November 4, 1928 ~ August 9, 2020

Born in: Sturgis, MI
Resided in: Manhattan Beach, CA

(1928 – 2020)

Roger Wells was born in Sturgis, Michigan, on November 4, 1928, to Maurice and Marjorie Wells.  He and his older brother Herb attended K–12 school there, developing friendships that would last to the end of their lives. After graduating from Tri-State University (now Trine) in 1948 with an electrical engineering degree, Roger relocated to Jasper, Alabama, where his skills as a radio engineer (and his profoundly deep bass voice) had landed him a job in radio broadcasting. He enjoyed regaling friends and family with tales of his time at WWWB, which was owned at that time by the prominent Brockman-Bankhead family.

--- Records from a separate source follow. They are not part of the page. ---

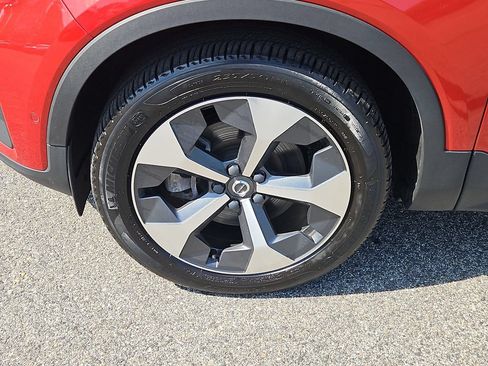 Used 2023 Volvo XC40 B5 Plus w/ Driver Assist Package AWD/4WD image 7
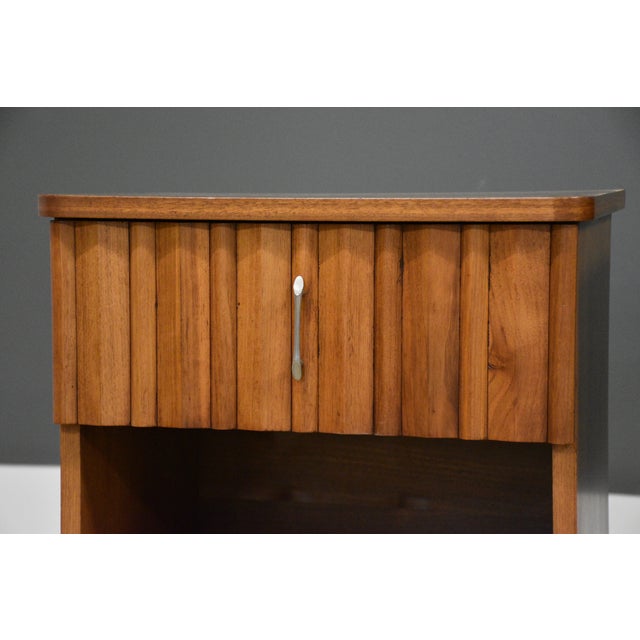 Young Manufacturing 1960s Refinished Walnut Nightstands by Young - A Pair For Sale - Image 4 of 8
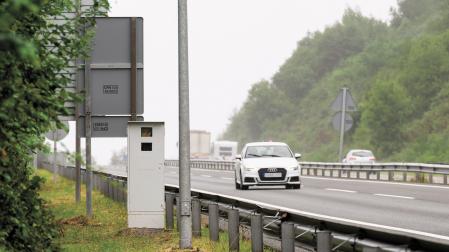 Una imagen reciente del radar instalado en octubre de 2009 en la autovía de Leitzaran (A-15), a la altura de Lekunberri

During the Korean War, Roger left broadcasting to enlist in the United States Air Force. He took basic training at Lackland Air Force Base and subsequently blazed through a 14-week course at the Biloxi Airborne Radar School in just 3 weeks. He was then assigned to the National Security Agency in Washington, D.C., where he served as a communications R&D officer, achieved the rank of first lieutenant, and held a TOP SECRET/Crypto clearance. He never did speak of his work there.  While in the service Roger met his first wife, Bernadine (Couture) Wells, with whom he raised his two children, Doug and Sue. The family relocated to Southern California, where Roger worked as the western regional supervisor for UNIVAC, a pioneering computer company that ultimately evolved into the UNISYS Corporation. After UNIVAC, Roger’s career took him on to Control Data Corporation, the Jet Propulsion Laboratory (JPL), and GM Hughes Electronics. After retiring from GM Hughes, Roger continued to work for Computer Sciences Corporation into his seventies.

Roger was involved with the computer industry ever since it employed vacuum tubes and punch cards, at times brushing shoulders with such greats as Seymour Cray. During his tenure at JPL he supervised a computer interface engineering group at the Space Flight Operations Facility, which designed and implemented near-real-time processing of telemetry information from the outer planets (think Voyager and Mariner). He also became president of the JPL Hiking Club and joined its volunteer trail maintenance crew. This reignited his long-standing passion for the wilderness, and for the Sierra in particular.

Under Roger’s leadership the JPL Hiking Club grew to 400 members, with outings scheduled for nearly every weekend of the year. The club trips and slide shows became legendary—and so did Roger. His monikers included “the backpack with legs” (he was rumored to carry whole cantaloupes and bottles of good-natured alcohol) and “Mr. Trash.” This honorific was bestowed on him for his unswerving dedication to removing others’ discarded trash wherever he found it, often packing it out over miles of trail. When his backpacking days were done Roger transferred that dedication to cleaning up the streets and beaches of his hometown.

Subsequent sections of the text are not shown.